Question

How to find the sum of the harmonic sequence below? $\dfrac{1}{3}+\dfrac{1}{6}+\dfrac{1}{9}+\dfrac{1}{12}$

Answer 1

Here we have been given a harmonic sequence $\dfrac{1}{3},\dfrac{1}{6},\dfrac{1}{9},\dfrac{1}{12}$ . We need to find the sum of all the terms in the sequence. For doing that we can use the formula for finding the sum of terms in harmonic series given as $\dfrac{1}{d}\left( \ln \dfrac{\left( 2a+\left( 2n-1 \right)d \right)}{2a-d} \right)$ .

Complete step by step solution:
Now considering from the question we have been given a harmonic sequence $\dfrac{1}{3},\dfrac{1}{6},\dfrac{1}{9},\dfrac{1}{12}$ . We need to find the sum of all the terms in the sequence.
For doing that we can use the formula for finding the sum of the terms in a harmonic series mathematically given as $\dfrac{1}{d}\left( \ln \dfrac{\left( 2a+\left( 2n-1 \right)d \right)}{2a-d} \right)$ .
Here $a=3$, $n=4$ and $d=3$ .
Now by substituting these values we will have $\Rightarrow \dfrac{1}{3}\left( \ln \dfrac{\left( 6+\left( 7 \right)3 \right)}{3} \right)=\dfrac{1}{3}\ln 9\Rightarrow \dfrac{2.19}{3}=0.69$which is approximately equal to the value of $\dfrac{25}{36}$ .

Therefore we can conclude that the sum of all terms in the given harmonic sequence is $\dfrac{25}{36}$ .

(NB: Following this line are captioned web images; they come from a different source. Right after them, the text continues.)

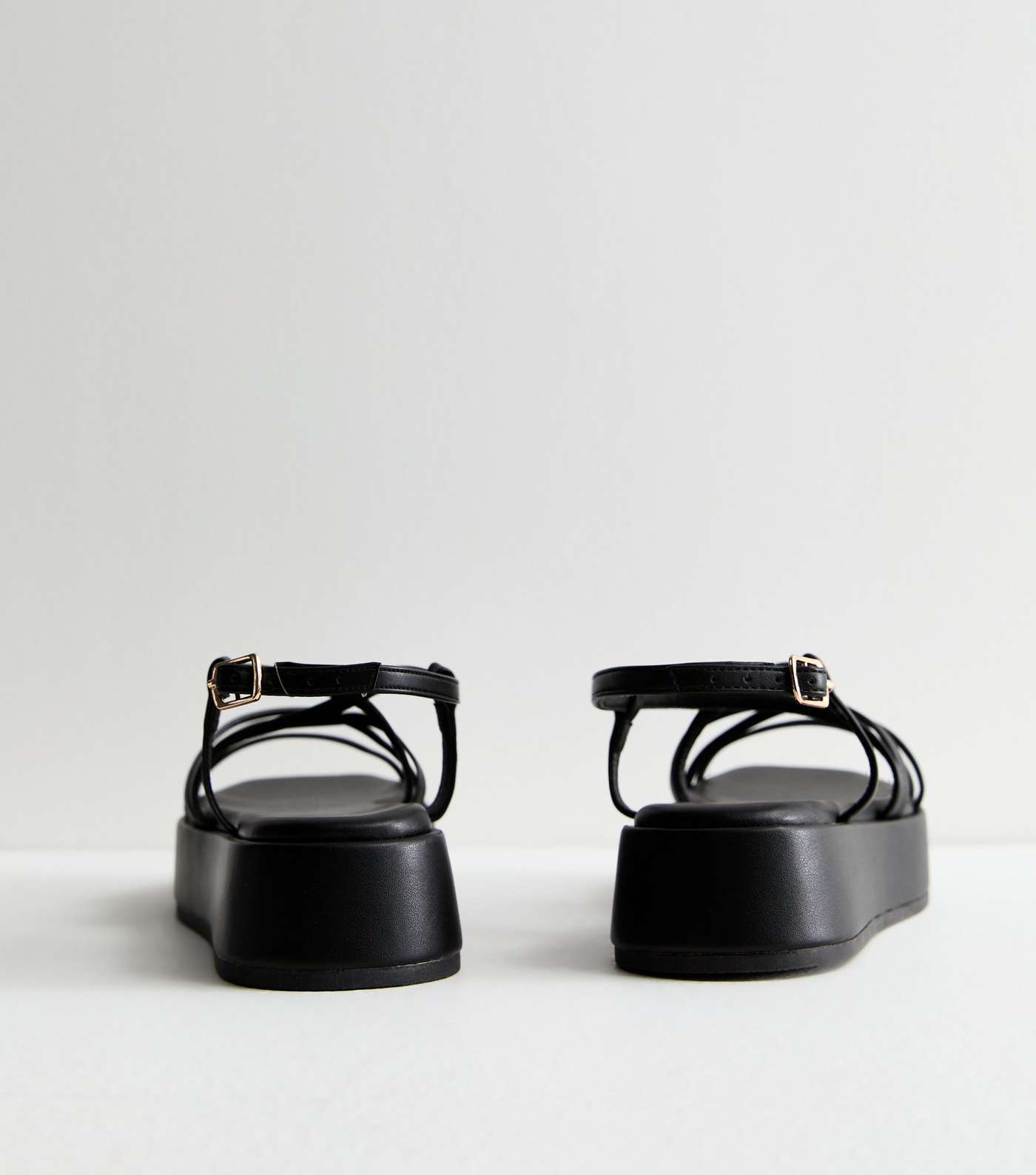 Black Multi Strap Flatform Sandals Image 4
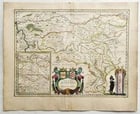 1640 MAP of GERMANY RAVENSBERG by WILLEM BLAEU antique AUTHENTIC hand colored (1 of 4)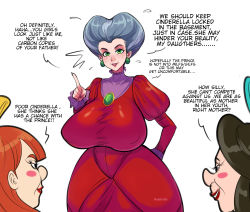 Rule 34 | breasts, cinderella, disney, dress, earrings, english text, gray hairs, green eyes, highres, jewelry, lady tremaine, large breasts, mature female, pinkkoffin, wide hips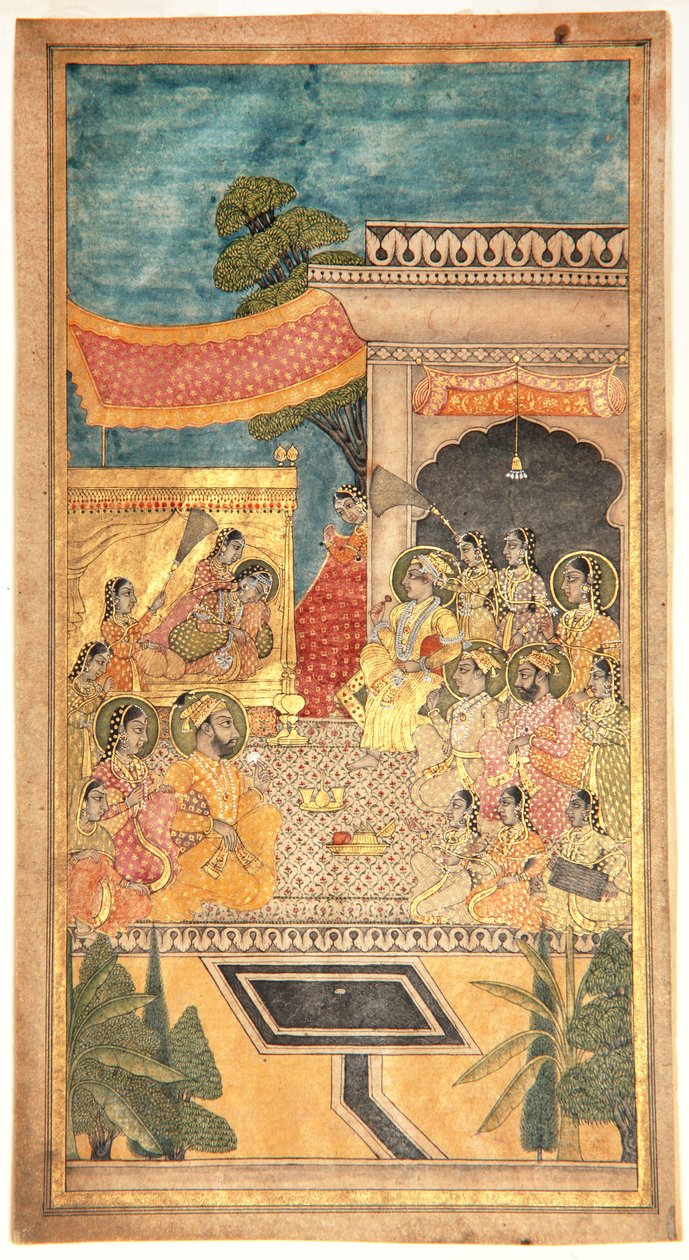Tana Shahin vihkiminen Jalwa-seremoniassa, 1679 (läpinäkymätön wc ja kultaa paperilla) tekijältä Indian School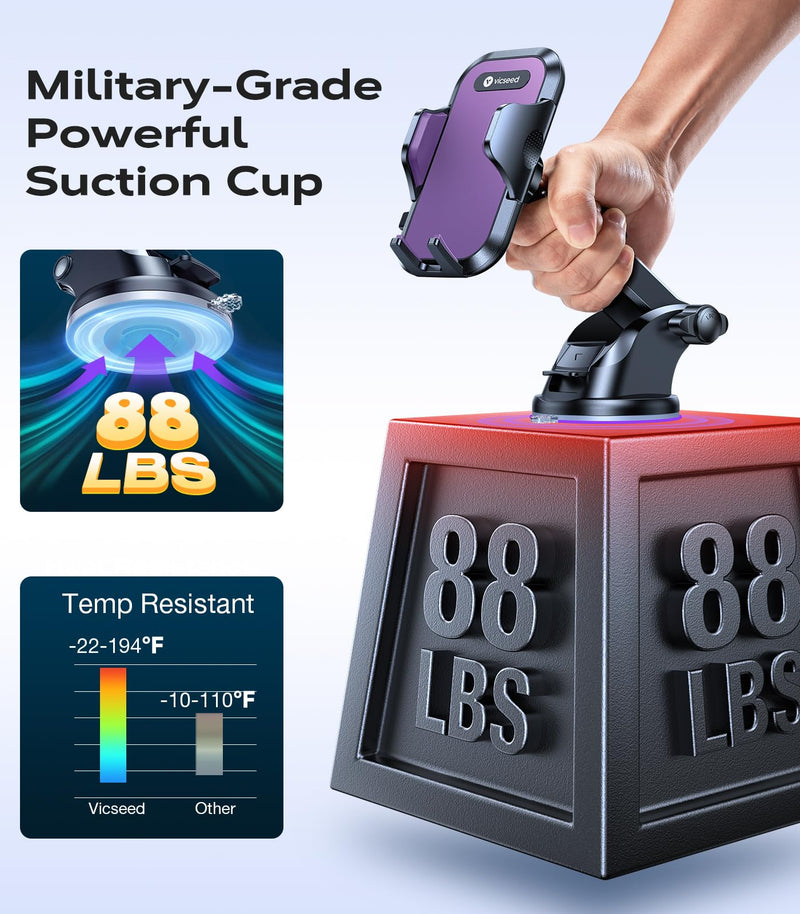 VICSEED Upgraded [Racing-Grade Steady] Phone Holders for Your Car, Purple | [86LBs Ultra-Powerful Suction] Car Phone Holder Mount Truck Stand for Dashboard Windshield Vent for iPhone Samsung All Phones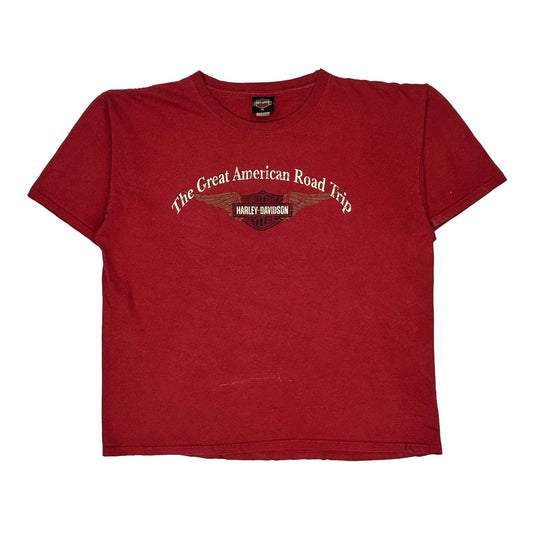Ohio Harley Davidson Graphic T-Shirt - XL Red Cotton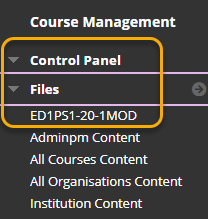 Showing the Course files in the Control panel area of the menu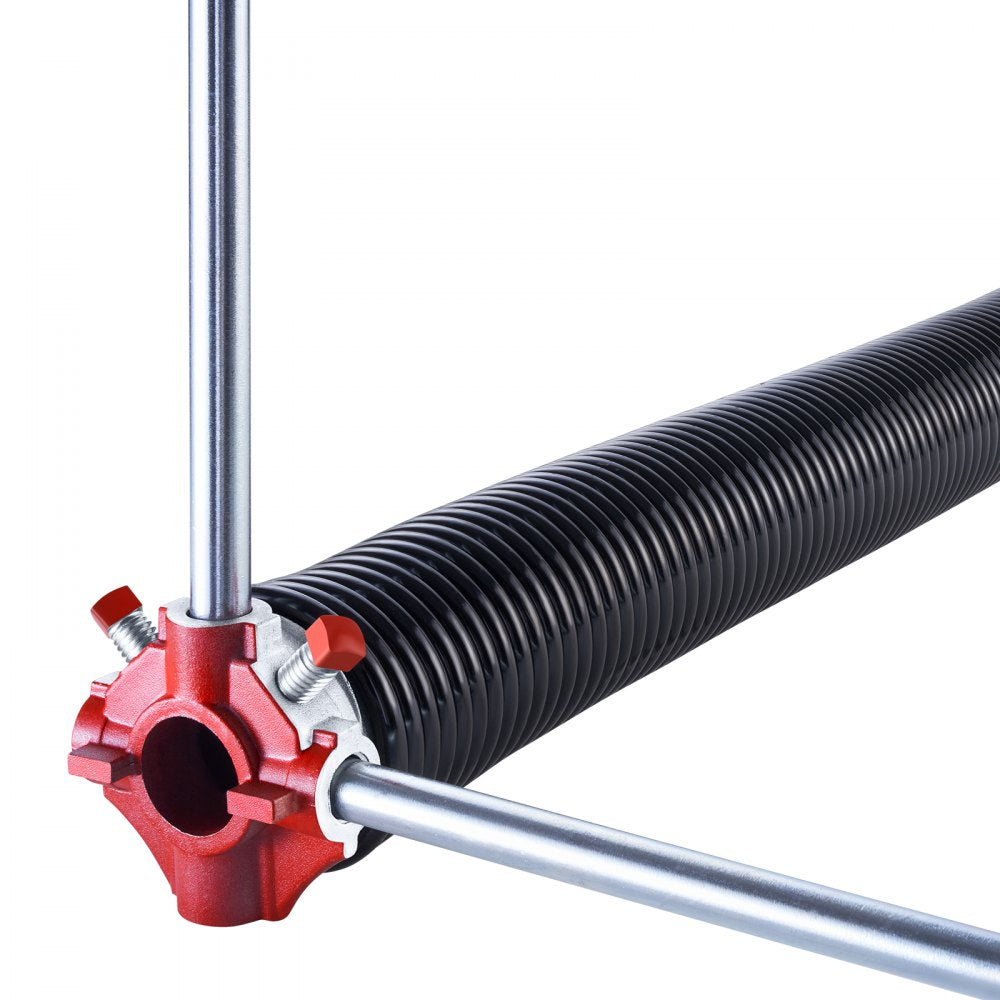 VEVOR Garage Door Torsion Springs, Pair of 0.250 x 2 x 35 in, 16000 Cycles, Electrophoresis Black Coated for Replacement, Garage Door Springs with Non-Slip Winding Bars, Gloves and Mounting Wrench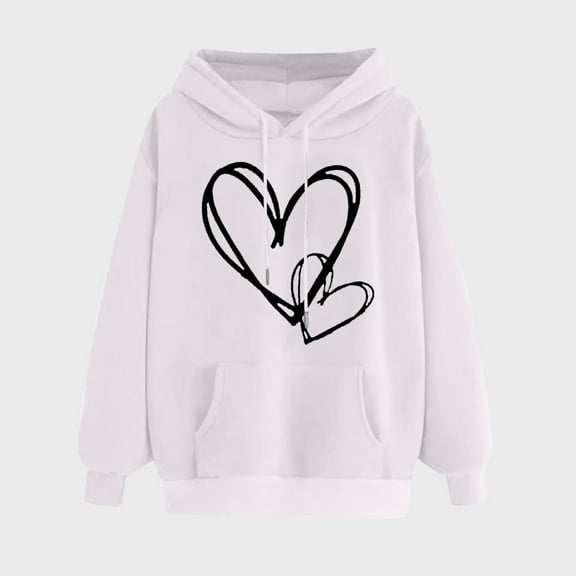 Aobny 2024 Womens Sweatshirts White Cute Hooded Long Sleeve Hoodies Heart Womans Blouses Winter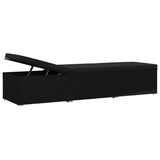 NNEVL 3 Piece Garden Sun Loungers with Tea Table Poly Rattan Black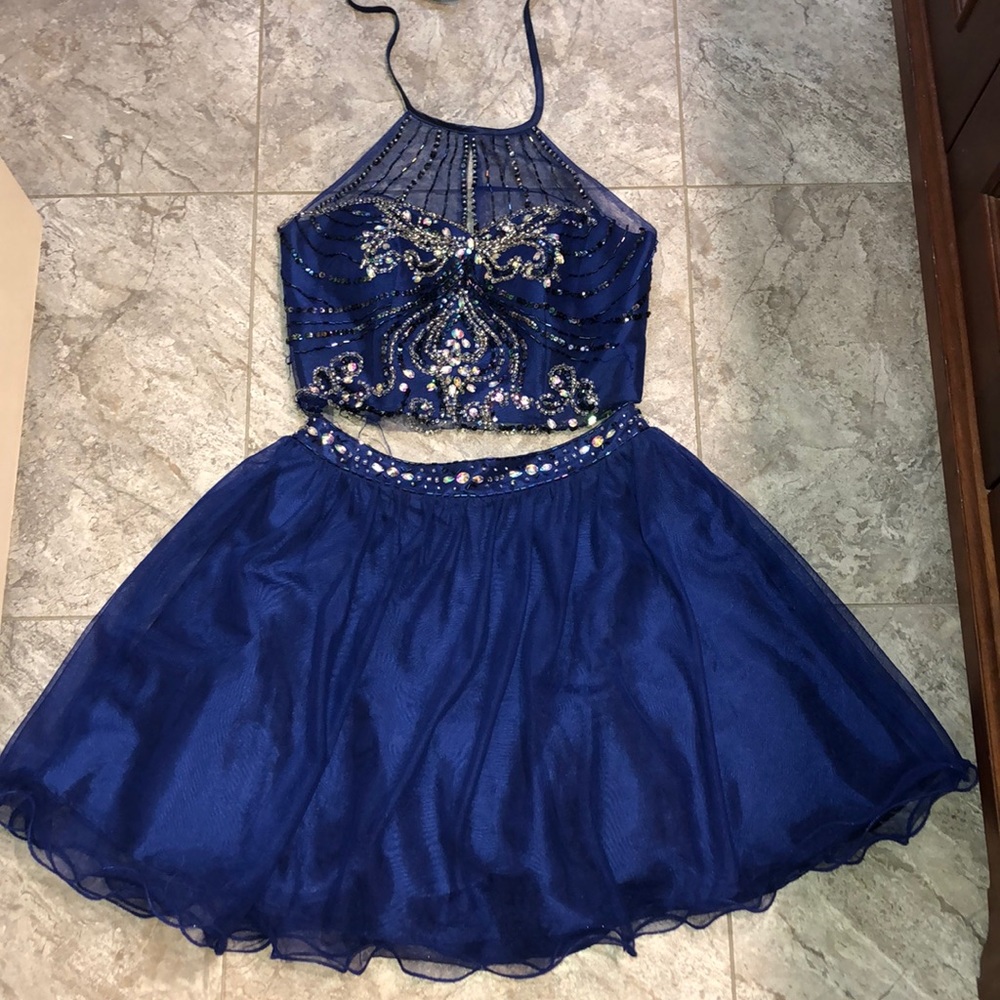 Two-Piece Blue Jeweled Dress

Note: During the process of answering questions of this type we should be sure with our concepts that we apply and calculations that we perform. This is a very easy question that can be answered in a short span of time with very few mistakes. This can also be simply answered by simply adding all the four terms. The Least common multiple of $3,6,9,12$ is $36$ . The sum of the four terms will be given as $\dfrac{1}{3}+\dfrac{1}{6}+\dfrac{1}{9}+\dfrac{1}{12}=\dfrac{12+6+4+3}{36} = \dfrac{25}{36}$ . We have got the same answer in both the cases.